Managers want to fulfill their employee’s needs so that they are content with their pay, hours, and level of flexibility. Managers strive for employee satisfaction. But does job satisfaction equal employee engagement?
Consider Connie. She is an assembly line employee who is satisfied with her job. Her job means steady employment. She feels satisfied with her pay (at least it’s better than most of the jobs she could find down the street). She starts at 7:00 in the morning and gets off in time to pick up her seven-year-old from school. It meets her needs. However, for Connie, it’s just a job. She can’t say she looks forward to coming to work, and she doesn’t find herself motivated to perform her best.

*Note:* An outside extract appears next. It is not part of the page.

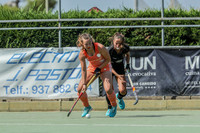 Netherlands v Germany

An employee can be satisfied with a job without being engaged in the job. Engagement is much more than being content on pay day and content with the ability to leave at 3 pm. That contentedness is merely job satisfaction, and though satisfaction is generally enough to retain employees, it’s not enough to ensure productivity. On the other hand, employee engagement does promote increased productivity.
Managers must understand that an engaged employee is an employee who is deeply involved and invested in their work. This occurs when multiple job factors intersect and it is much more than job satisfaction alone. The confusion comes when we begin to use satisfaction and engagement synonymously.
Organizations with genuinely engaged employees have higher retention, productivity, customer satisfaction, innovation rates, and quality. They also require less training time, experience less illness, and have fewer accidents.
Simply put, satisfaction is not engagement– and of the two, you want engagement.